• Records provided:
######

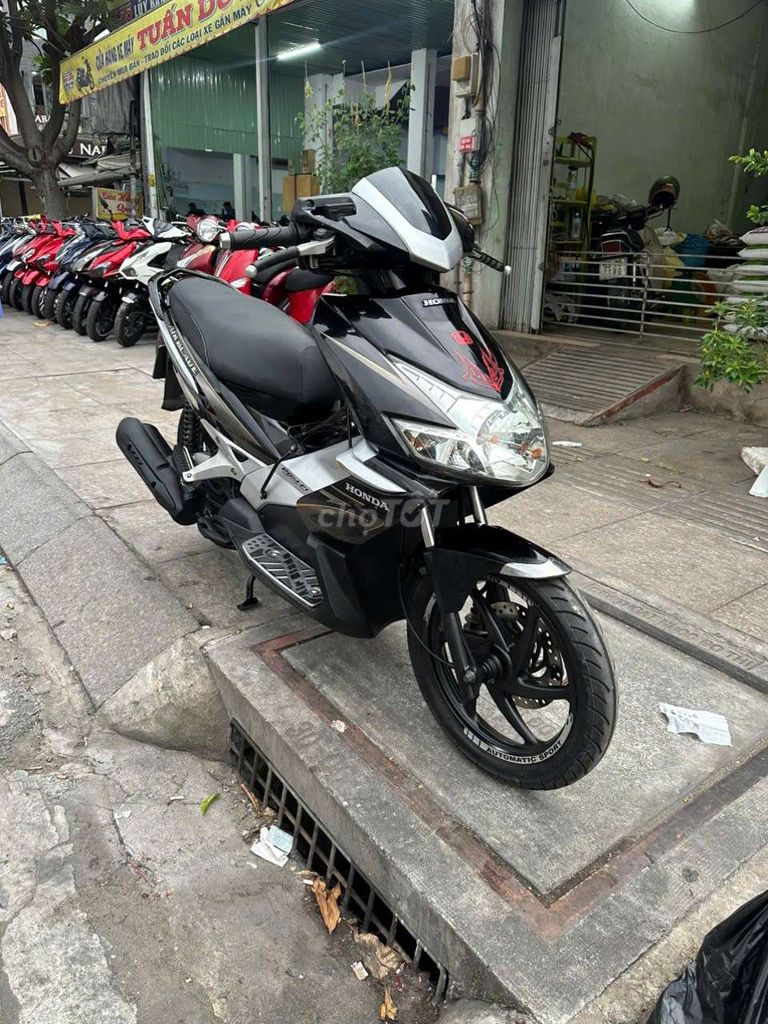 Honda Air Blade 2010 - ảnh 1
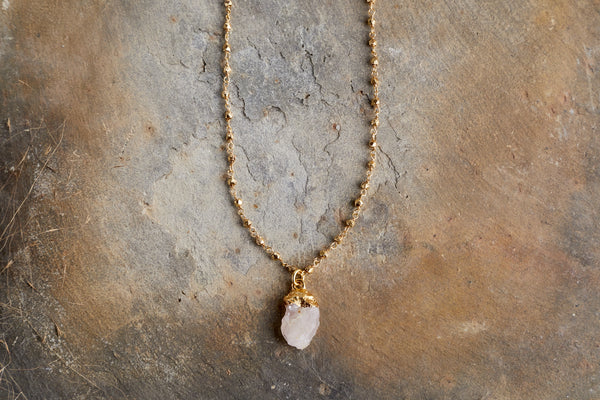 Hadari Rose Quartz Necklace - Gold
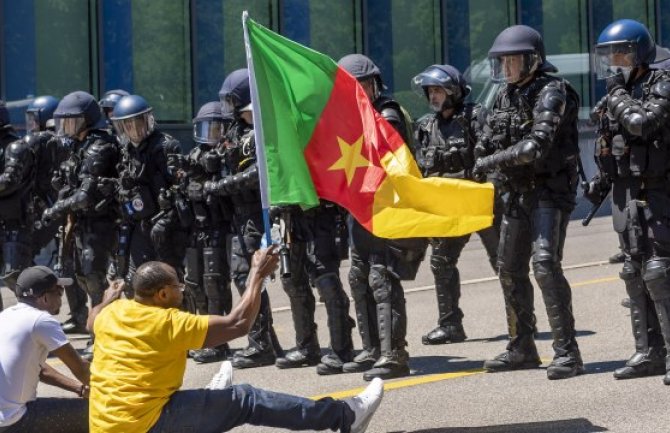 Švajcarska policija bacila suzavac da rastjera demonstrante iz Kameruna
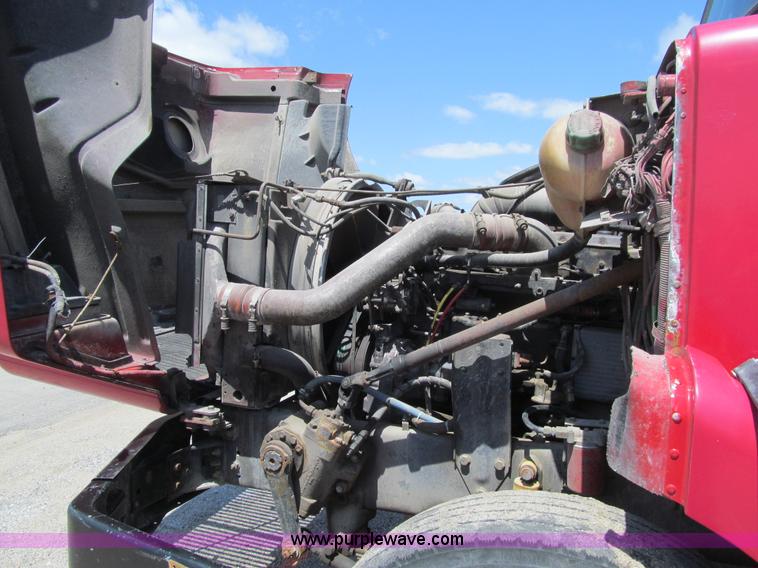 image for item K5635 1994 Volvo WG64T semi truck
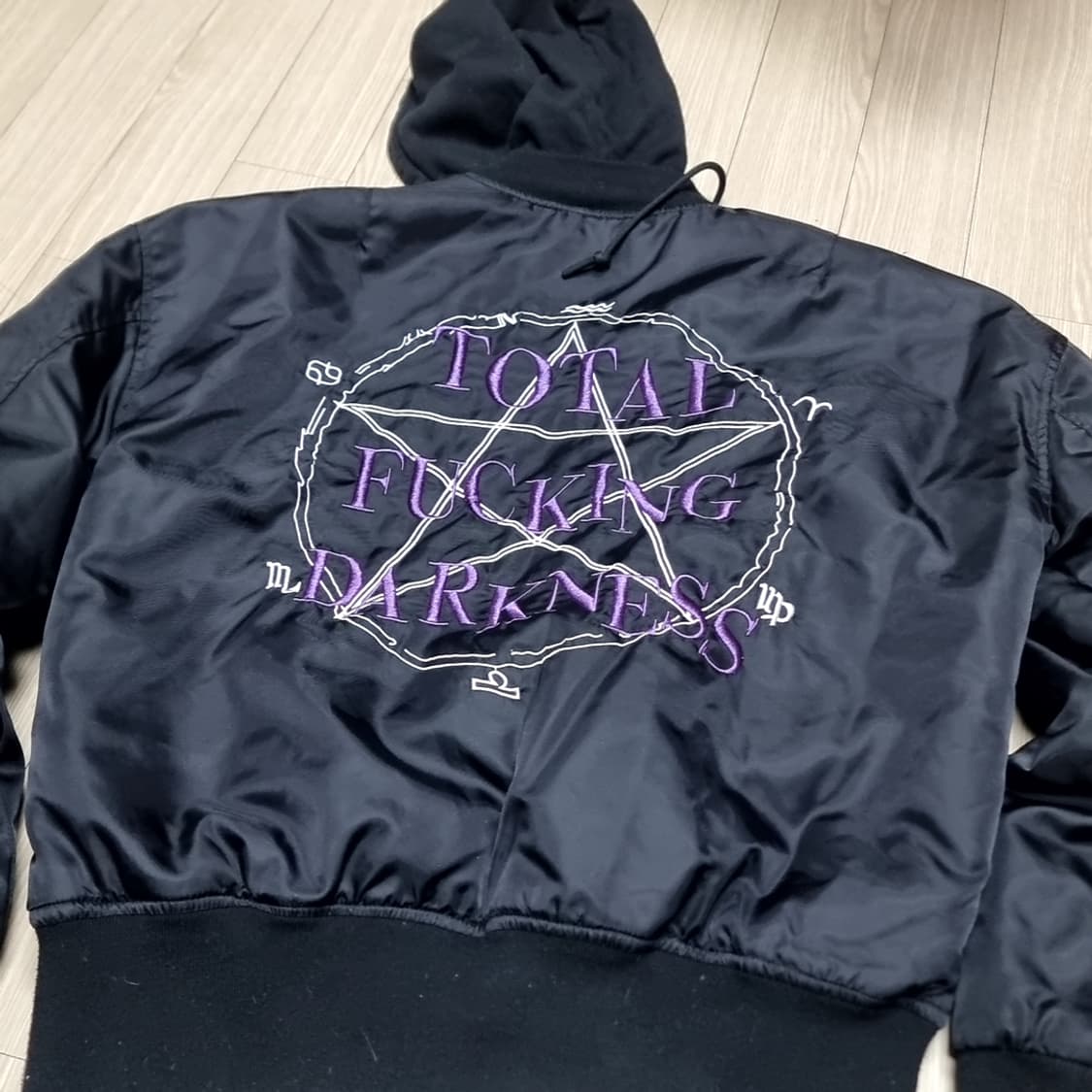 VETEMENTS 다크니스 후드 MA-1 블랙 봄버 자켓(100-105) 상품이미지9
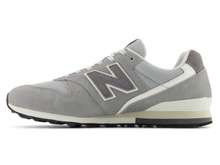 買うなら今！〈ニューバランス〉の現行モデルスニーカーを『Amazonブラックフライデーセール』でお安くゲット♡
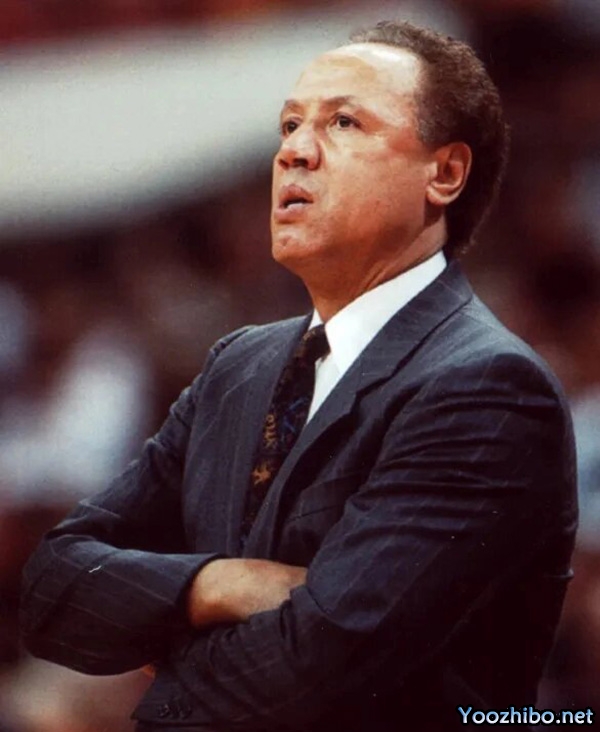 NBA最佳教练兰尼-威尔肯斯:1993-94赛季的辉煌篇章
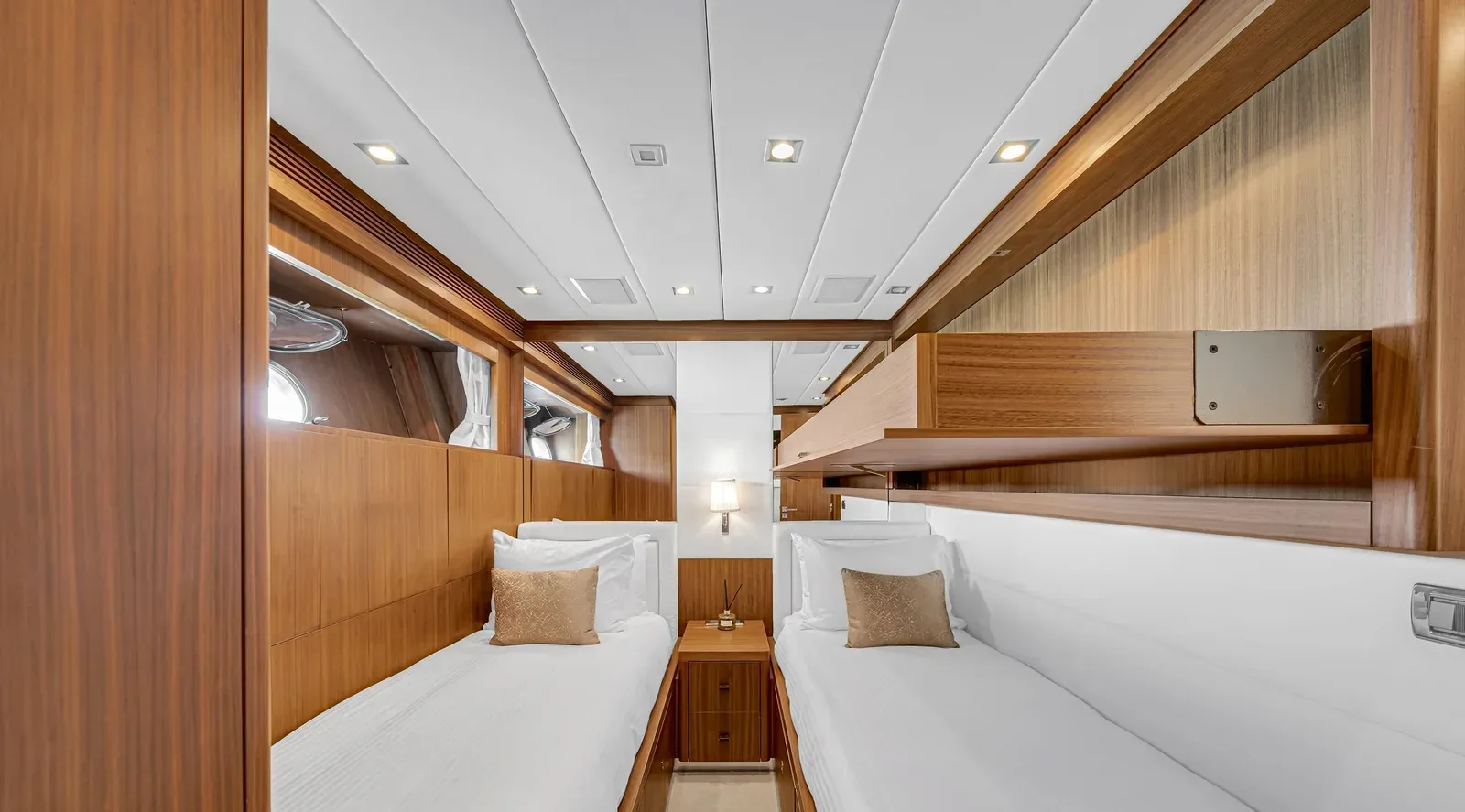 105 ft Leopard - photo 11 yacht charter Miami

######

• Exercise: Nothing but an exact copy is needed, covering the lines from the line with "Švajcarska policija bacila" through the last line of the entries, pictures excluded.

• Answer to this exercise:
 Švajcarska policija bacila suzavac da rastjera demonstrante iz Kameruna
 image for item K5635 1994 Volvo WG64T semi truck
 VETEMENTS 다크니스 후드 MA-1 블랙 봄버 자켓(100-105) 상품이미지9
 買うなら今！〈ニューバランス〉の現行モデルスニーカーを『Amazonブラックフライデーセール』でお安くゲット♡
 NBA最佳教练兰尼-威尔肯斯:1993-94赛季的辉煌篇章
 105 ft Leopard - photo 11 yacht charter Miami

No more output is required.